**Exercise data**:
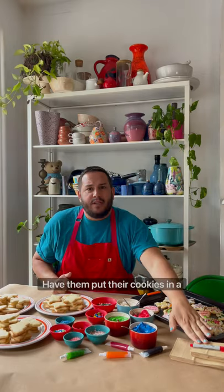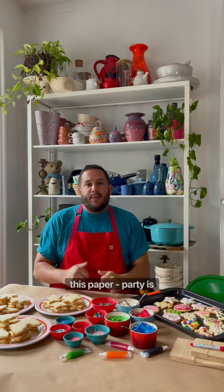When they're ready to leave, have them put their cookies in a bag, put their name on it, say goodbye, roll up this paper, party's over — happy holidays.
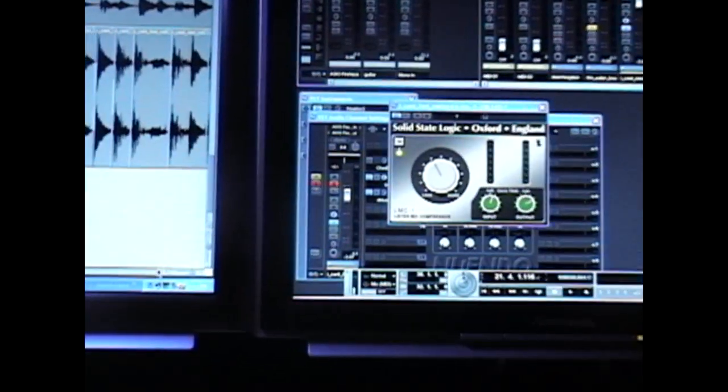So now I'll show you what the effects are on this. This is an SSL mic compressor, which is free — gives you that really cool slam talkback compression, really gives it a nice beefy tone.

==

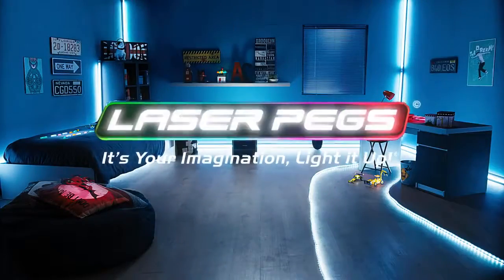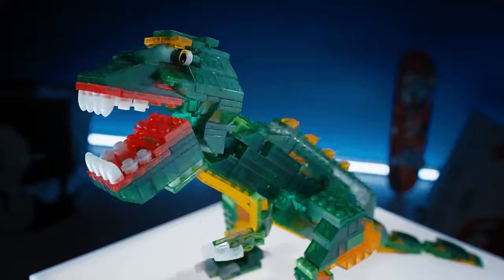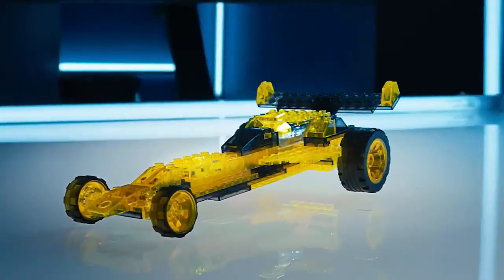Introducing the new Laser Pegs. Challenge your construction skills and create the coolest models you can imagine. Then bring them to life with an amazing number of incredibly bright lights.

**Work instructions**: In the records above, find the line with "When they're ready". Print exactly from there through the line with "So now I'll", minus the pictures.

**Exercise response**:
When they're ready to leave, have them put their cookies in a bag, put their name on it, say goodbye, roll up this paper, party's over — happy holidays.
So now I'll show you what the effects are on this. This is an SSL mic compressor, which is free — gives you that really cool slam talkback compression, really gives it a nice beefy tone.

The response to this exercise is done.